Algorithm: Merge Sort
To sort the entire sequence A[1 .. n], make the initial call to the procedure MERGE-SORT (A, 1, n).
MERGE-SORT (A, p, r)
1. IF p < r // Check for base case
2. THEN q = FLOOR[(p +
r)/2] // Divide step
3. MERGE (A,
p, q) // Conquer step.
4. MERGE (A,
q + 1, r) // Conquer step.
5. MERGE (A,
p, q, r) // Conquer step.
Example: Bottom-up view of the above procedure for n = 8.
Merging
What remains is the MERGE procedure. The following is the input and output of the MERGE procedure.

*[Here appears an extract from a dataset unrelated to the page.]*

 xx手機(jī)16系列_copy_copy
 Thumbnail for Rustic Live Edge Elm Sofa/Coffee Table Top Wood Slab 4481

INPUT: Array A and indices p, q, r such that p ≤ q ≤ r and subarray A[p .. q] is sorted and subarray A[q + 1 .. r] is sorted. By restrictions on p, q, r, neither subarray is empty.
OUTPUT: The two subarrays are merged into a single sorted subarray in A[p .. r].
We implement it so that it takes Θ(n) time, where n = r − p + 1, which is the number of elements being merged.
Idea Behind Linear Time Merging
Think of two piles of cards, Each pile is sorted and placed face-up on a table with the smallest cards on top. We will merge these into a single sorted pile, face-down on the table.
A basic step:
Choose the smaller of the two top cards.
Remove it from its pile, thereby exposing a new top card.
Place the chosen card face-down onto the output pile.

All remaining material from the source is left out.